どんな競技や業界においても、若手ホープは貴重な存在です。日本を代表するチェアスキーヤー、夏目 堅司選手が育成に力を注ぐ、佐藤林平さんもそのひとり。とりわけ「チェアスキー」という特殊で高額な用具が必要な競技で、既に世界を舞台に勝負している17歳は少なくとも日本では佐藤林平さん以外にはいないでしょう。そんな稀少な高校生チェアスキーヤー、佐藤林平さんに、来年のピョンチャンパラリンピックに向けての心境や、地元である野沢温泉村のことなどを聞いてみました。

野村温泉村はGW前までスキーオンシーズン

長野県・野沢温泉村からはるばる東京・表参道にやってきた林平さん。東京では半袖の人も多く見られる5月中旬に、ほんのり小麦色に焼けた青年は、いかにも健康そう。「屋外でトレーニングしているのですか?」と尋ねたところ、野沢温泉村ではGW前までスキーができるのだとか。日焼けしているのは、数日前までチェアスキーの練習をしていたからだそうです。

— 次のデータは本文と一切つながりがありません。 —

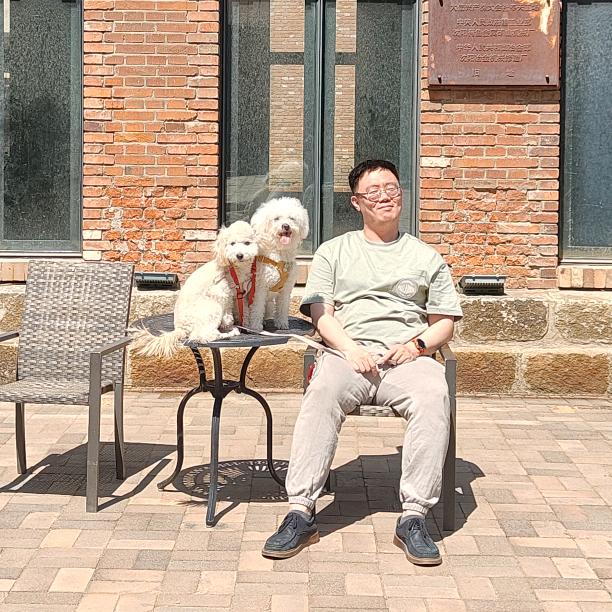 被保鲜的特大号尼古拉头像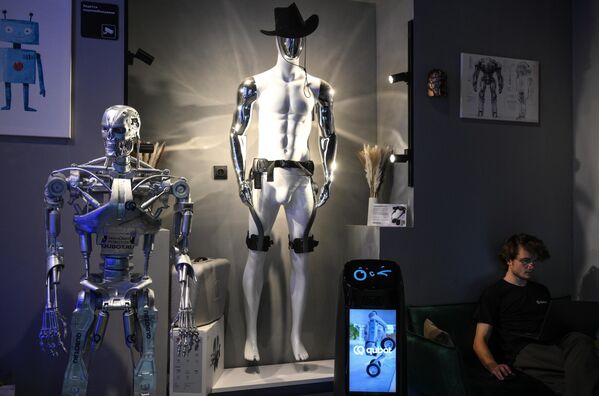 Các robot tại showroom QUBOT - Sputnik Việt Nam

そんな林平さんの地元・長野県の野沢温泉村はスキーが盛んで、林平さんが通う県立の飯山高校は、長野県で唯一スポーツ科学科を設けており、スキーの各種目において、歴代のオリンピック選手を輩出する、スキーのエリート高校です。スポーツ科学科は他の普通科などに比べて実技の授業が多く、スポーツ心理学の先生が講義をすることもあるそうです。

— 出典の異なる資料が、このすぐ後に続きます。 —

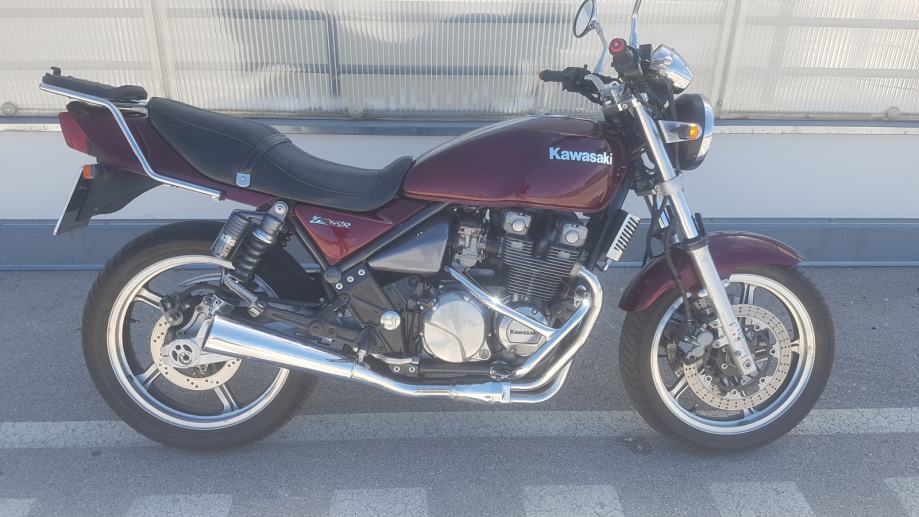 Kawasaki Zr 550 550 cm3, 1995 god.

林平さんは高校のアルペン部と、クラブチーム「野沢温泉ジュニアスキークラブ」に所属しており、シーズン中はスキー三昧の生活。地元にいるチェアスキーヤーは林平さんのみで、コーチに自分から積極的にコミュニケーションを取ったり、独学で勉強したりと、人一倍努力が必要とされる環境でありながら、「チェアスキーはとにかく楽しい!」と満面の笑みで話してくれました。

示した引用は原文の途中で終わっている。